- Instructions to follow: No pictures, nothing altered: return the data below.

[Source data — start]

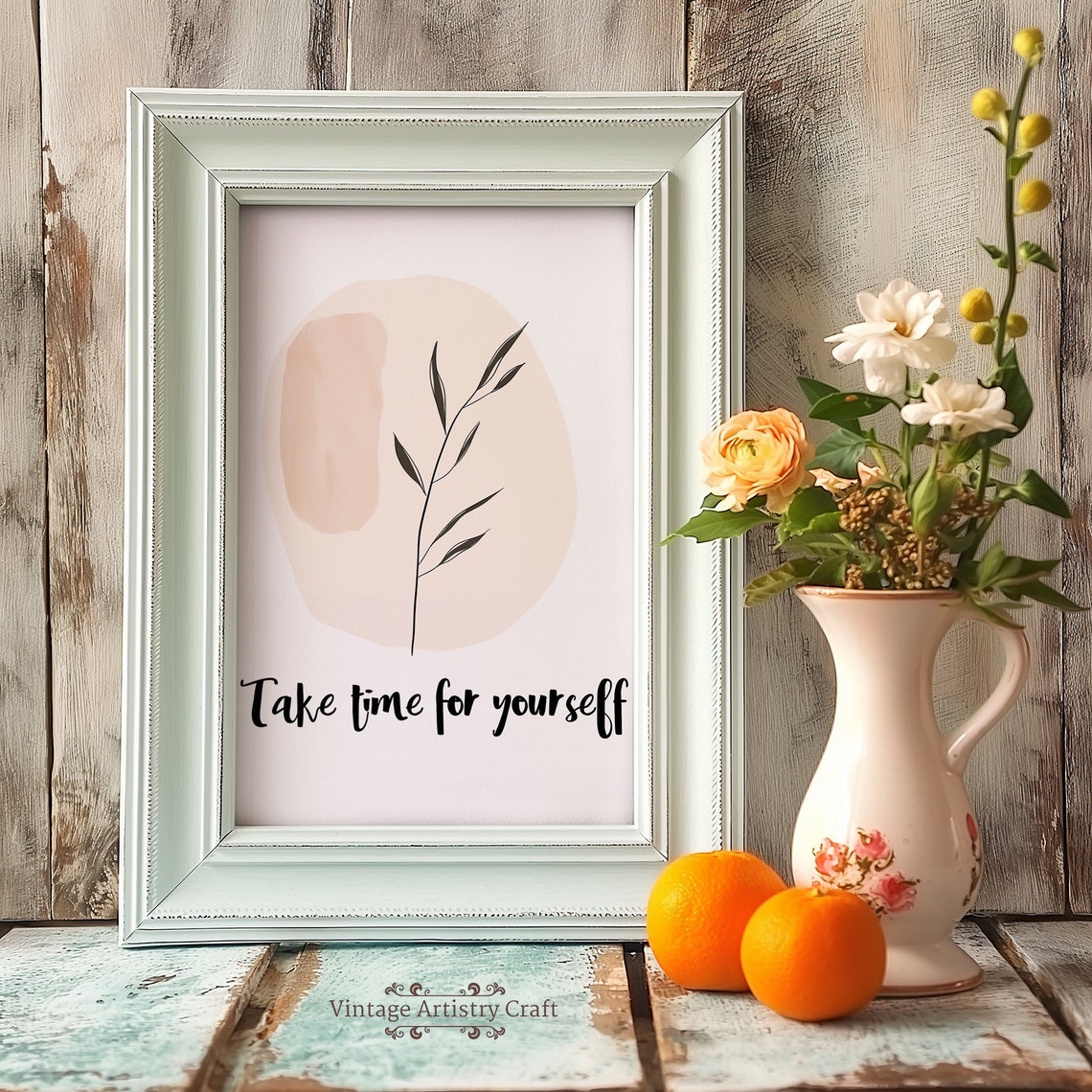 Take Time For Yourself Minimalist Botanical Self Care Poster - Image 4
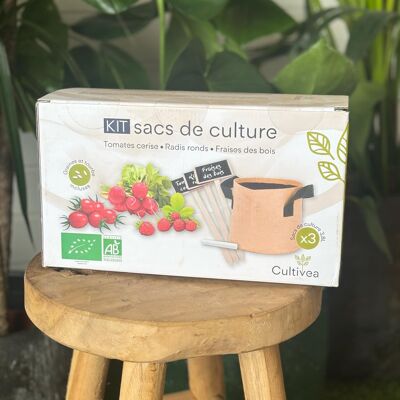 Kit de sacs de culture bio – tomates cerise, radis ronds et fraises des bois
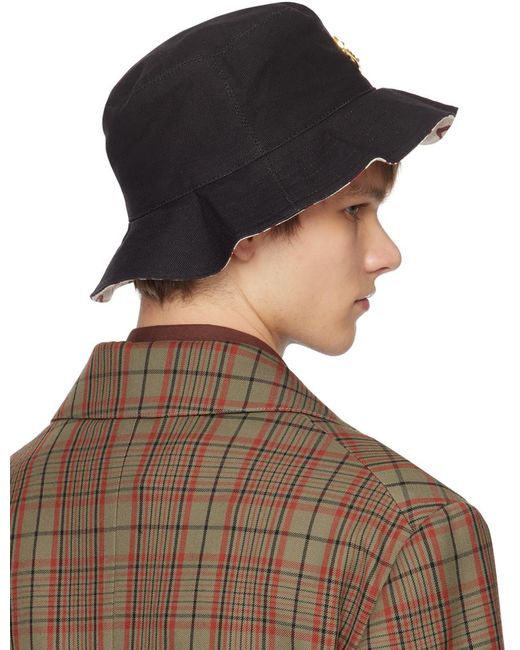 Vivienne Westwood Brown Black Fisher Bucket Hat for men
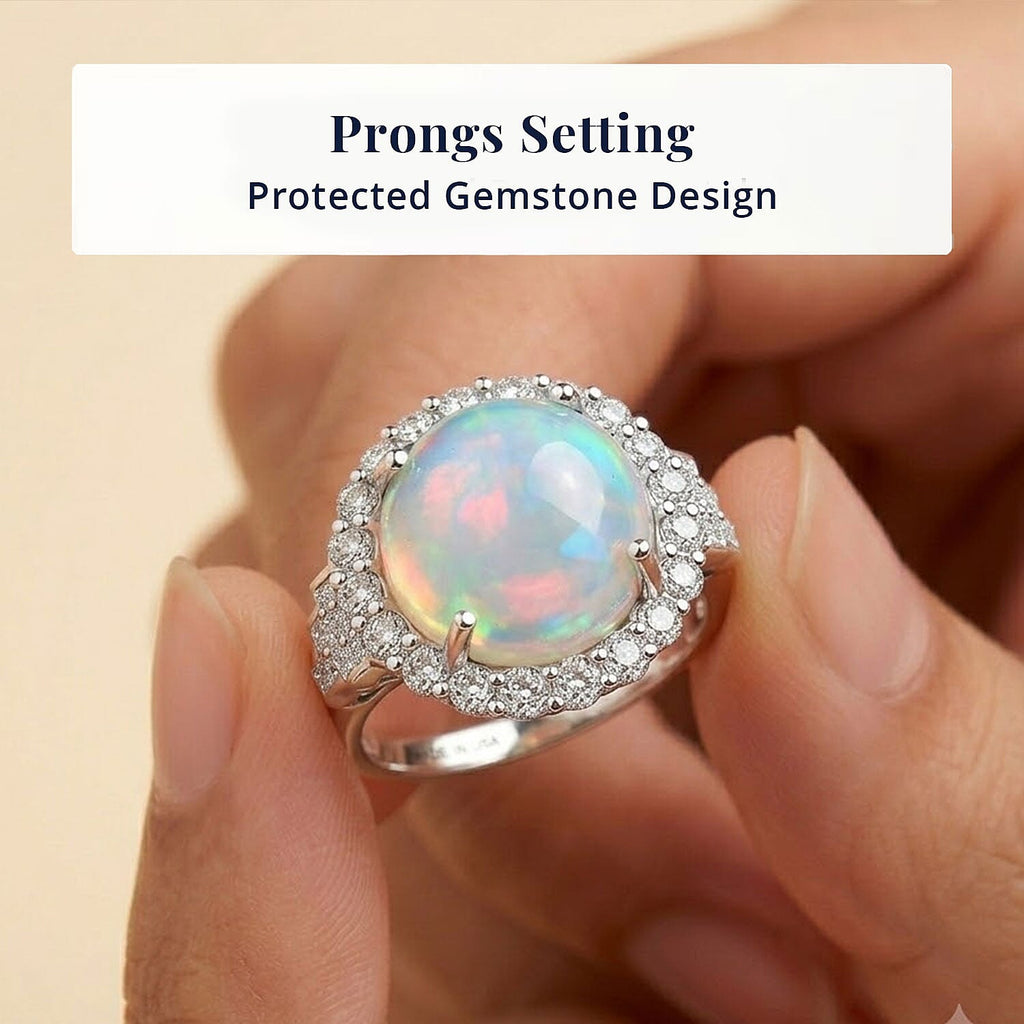 D'Joy Ethiopian Opal, Moissanite Main Stone With Surrounding Stone Ring in Rhodium OverlaySterling Silver  4.630  Ct._8588903_4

[Source data — finish]

- Exercise output:
 Take Time For Yourself Minimalist Botanical Self Care Poster - Image 4
 Kit de sacs de culture bio – tomates cerise, radis ronds et fraises des bois
 Vivienne Westwood Brown Black Fisher Bucket Hat for men
 D'Joy Ethiopian Opal, Moissanite Main Stone With Surrounding Stone Ring in Rhodium OverlaySterling Silver  4.630  Ct._8588903_4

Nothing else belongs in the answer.